# A Few Little Monsters .... And An Invicta



## K300 (Apr 2, 2010)

taken in the garden










while at an outdoor restaurant abroad










found in the accomodation while abroad


----------



## Shmoog (Nov 9, 2010)

Cool, how did you get the wasp to land there, Jam, luck patience or force?


----------



## K300 (Apr 2, 2010)

I was at an outdoor restaurant in Hungary, it was buzzing around then landed on the watch.

I also thought it was a wasp and I'm OK with wasps(although my daughter was running away).

It wasn't until I looked at the image that I realised it was a hoverfly.

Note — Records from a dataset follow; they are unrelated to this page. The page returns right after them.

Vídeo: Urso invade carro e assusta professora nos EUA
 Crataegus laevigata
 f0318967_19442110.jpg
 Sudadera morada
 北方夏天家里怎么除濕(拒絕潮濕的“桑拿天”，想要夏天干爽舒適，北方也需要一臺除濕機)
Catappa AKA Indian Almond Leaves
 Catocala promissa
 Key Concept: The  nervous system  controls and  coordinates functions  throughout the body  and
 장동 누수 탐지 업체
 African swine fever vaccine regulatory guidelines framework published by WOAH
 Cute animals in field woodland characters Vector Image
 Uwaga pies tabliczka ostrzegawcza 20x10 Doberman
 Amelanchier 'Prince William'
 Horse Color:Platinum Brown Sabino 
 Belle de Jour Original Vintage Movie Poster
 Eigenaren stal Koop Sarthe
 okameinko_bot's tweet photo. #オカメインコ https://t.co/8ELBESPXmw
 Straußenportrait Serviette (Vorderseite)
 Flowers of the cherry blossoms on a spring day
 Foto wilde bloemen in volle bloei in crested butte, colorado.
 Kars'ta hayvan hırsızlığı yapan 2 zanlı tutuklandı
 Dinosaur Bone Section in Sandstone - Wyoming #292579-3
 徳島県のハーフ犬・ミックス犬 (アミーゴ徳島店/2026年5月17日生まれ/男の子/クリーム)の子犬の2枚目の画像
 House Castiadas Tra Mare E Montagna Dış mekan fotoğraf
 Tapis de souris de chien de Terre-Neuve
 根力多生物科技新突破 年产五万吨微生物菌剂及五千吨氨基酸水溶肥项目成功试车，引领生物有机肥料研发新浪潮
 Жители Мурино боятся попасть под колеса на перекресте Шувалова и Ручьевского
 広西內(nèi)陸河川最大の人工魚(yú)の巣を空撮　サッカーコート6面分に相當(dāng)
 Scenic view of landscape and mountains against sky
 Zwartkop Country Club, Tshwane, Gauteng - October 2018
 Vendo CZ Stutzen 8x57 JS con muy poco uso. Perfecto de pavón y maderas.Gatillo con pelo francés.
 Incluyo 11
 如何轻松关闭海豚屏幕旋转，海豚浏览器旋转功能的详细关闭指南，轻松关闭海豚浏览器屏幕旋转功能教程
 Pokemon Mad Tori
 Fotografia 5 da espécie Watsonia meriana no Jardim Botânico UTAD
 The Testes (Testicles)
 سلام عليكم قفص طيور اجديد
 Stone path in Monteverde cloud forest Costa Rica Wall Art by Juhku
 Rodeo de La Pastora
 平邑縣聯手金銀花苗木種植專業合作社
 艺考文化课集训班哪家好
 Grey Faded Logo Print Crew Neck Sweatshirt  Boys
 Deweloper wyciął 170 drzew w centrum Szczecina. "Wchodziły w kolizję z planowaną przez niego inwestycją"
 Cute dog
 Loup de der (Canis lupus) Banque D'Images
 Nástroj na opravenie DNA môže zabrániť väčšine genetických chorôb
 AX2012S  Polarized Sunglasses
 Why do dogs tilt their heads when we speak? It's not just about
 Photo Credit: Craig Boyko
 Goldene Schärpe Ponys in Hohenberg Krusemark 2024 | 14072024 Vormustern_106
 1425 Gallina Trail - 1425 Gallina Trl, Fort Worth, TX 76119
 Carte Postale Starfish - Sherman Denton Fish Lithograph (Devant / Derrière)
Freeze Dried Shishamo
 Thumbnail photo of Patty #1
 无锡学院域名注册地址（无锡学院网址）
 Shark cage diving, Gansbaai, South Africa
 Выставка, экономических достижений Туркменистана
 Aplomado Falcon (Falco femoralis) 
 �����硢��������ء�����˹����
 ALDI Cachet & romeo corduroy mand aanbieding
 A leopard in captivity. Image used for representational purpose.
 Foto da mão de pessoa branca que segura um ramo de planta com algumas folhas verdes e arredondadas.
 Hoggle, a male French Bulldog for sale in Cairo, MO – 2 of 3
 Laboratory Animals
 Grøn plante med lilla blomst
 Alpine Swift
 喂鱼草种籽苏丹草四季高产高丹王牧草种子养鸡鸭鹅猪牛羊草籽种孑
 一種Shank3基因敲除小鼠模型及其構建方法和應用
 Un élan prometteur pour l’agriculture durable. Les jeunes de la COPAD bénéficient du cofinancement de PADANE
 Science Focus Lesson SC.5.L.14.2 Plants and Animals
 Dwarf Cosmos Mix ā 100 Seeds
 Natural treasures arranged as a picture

I reckon it may have seen the shiny surface and thought it was a drink.


----------



## HappyLad (Oct 28, 2009)

Arghhhhhh... spiders :yucky:

not my favourite..


----------



## Shmoog (Nov 9, 2010)

HappyLad said:


> Arghhhhhh... spiders :yucky:
> 
> not my favourite..


Nor mine, especialy ones abroad :fear:

I do like the look of the Monsters though. Have been considering buying one for a while, are they really as big on the wrist as the name sugests?


----------



## K300 (Apr 2, 2010)

the Monsters are a very substantial watch, not least because the bezel is higher than the crystal to protect it, and the case comes up to surround the bezel to stop from being moved accidentally, proper diver's watch.

The bracelet itself is also a proper piece of engineering, nice heavy quality.


----------